Work instructions: Reproduce the listing in full, exactly as written, but without images.

Provided data:
=== Begin Enclosure ===

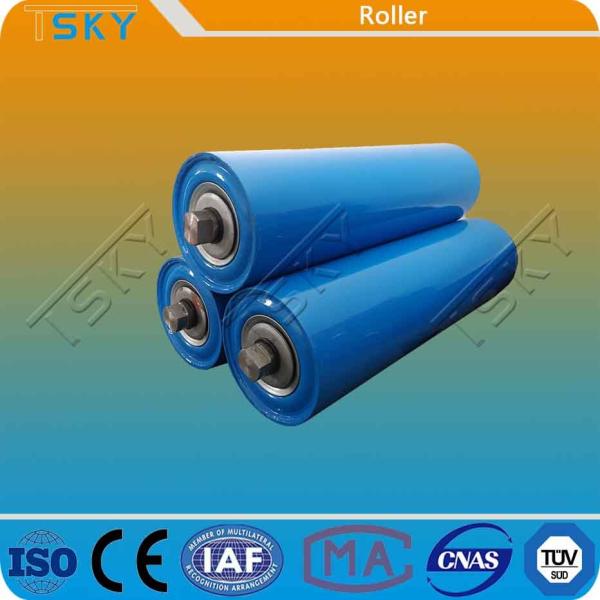 Rolo mais inativo personalizado azul do transporte do RUÍDO do tamanho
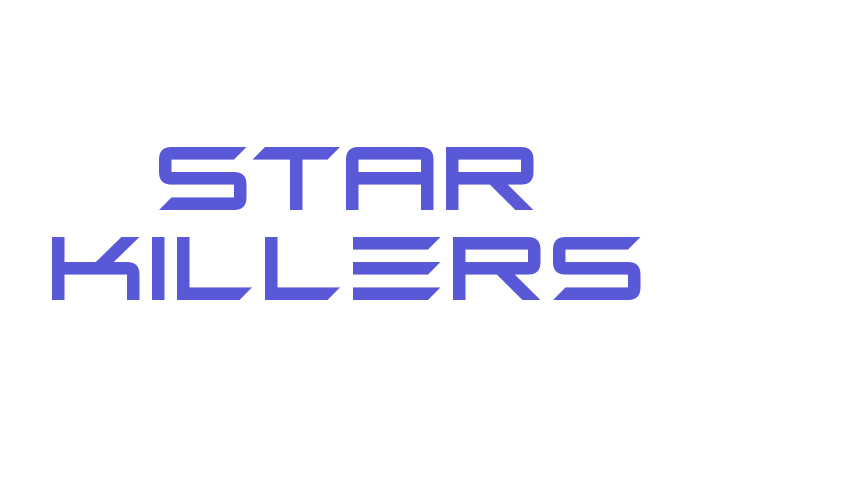 Star Killers Font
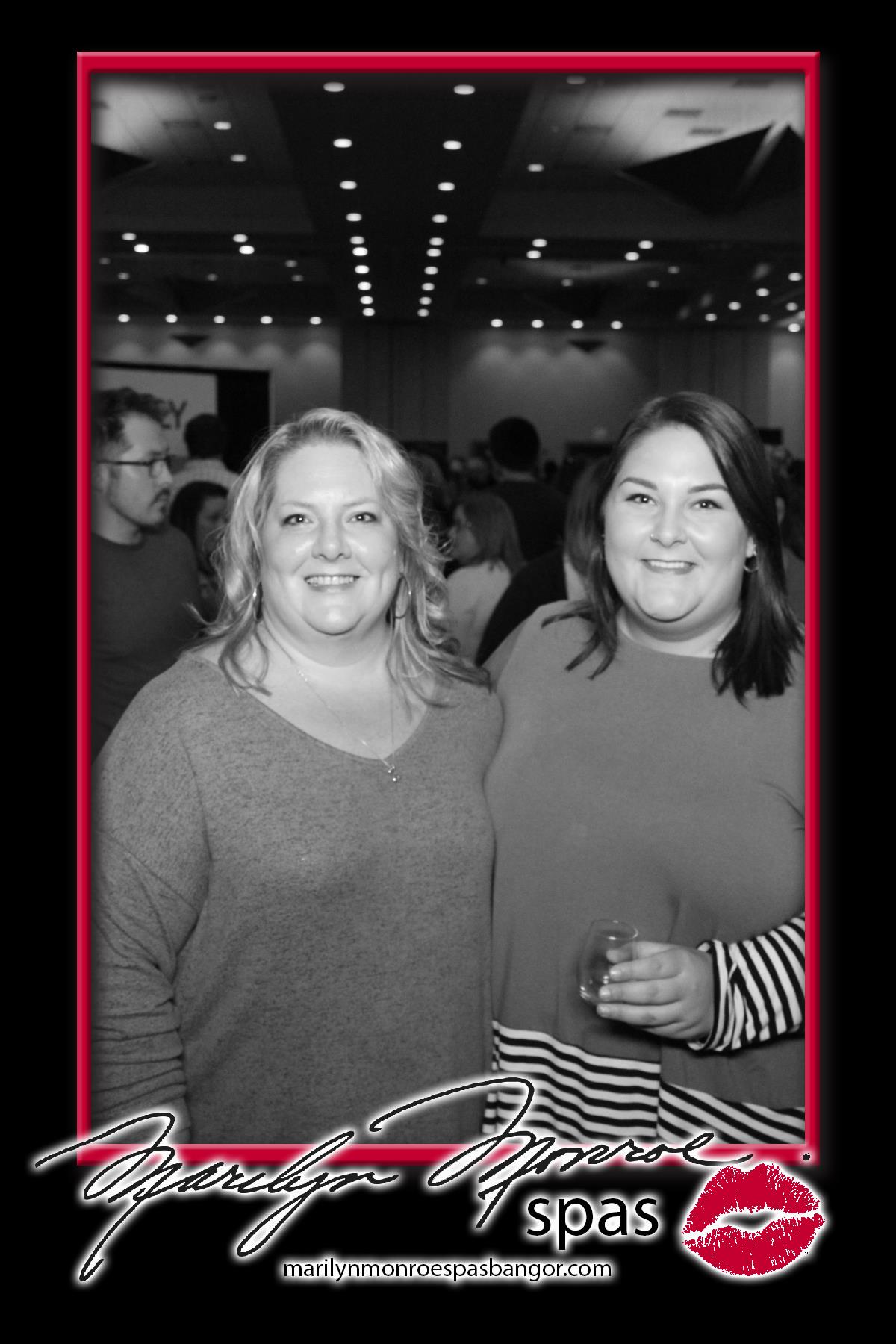 Bangor Uncorked, Marilyn Monroe Spa | View more photos from the event at gallery.mainemagicmirror.com/u/MaineMagicMirror/Bangor-Uncorked-Marilyn-Monroe-Spa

=== End Enclosure ===

Written reply:
 Rolo mais inativo personalizado azul do transporte do RUÍDO do tamanho
 Star Killers Font
 Bangor Uncorked, Marilyn Monroe Spa | View more photos from the event at gallery.mainemagicmirror.com/u/MaineMagicMirror/Bangor-Uncorked-Marilyn-Monroe-Spa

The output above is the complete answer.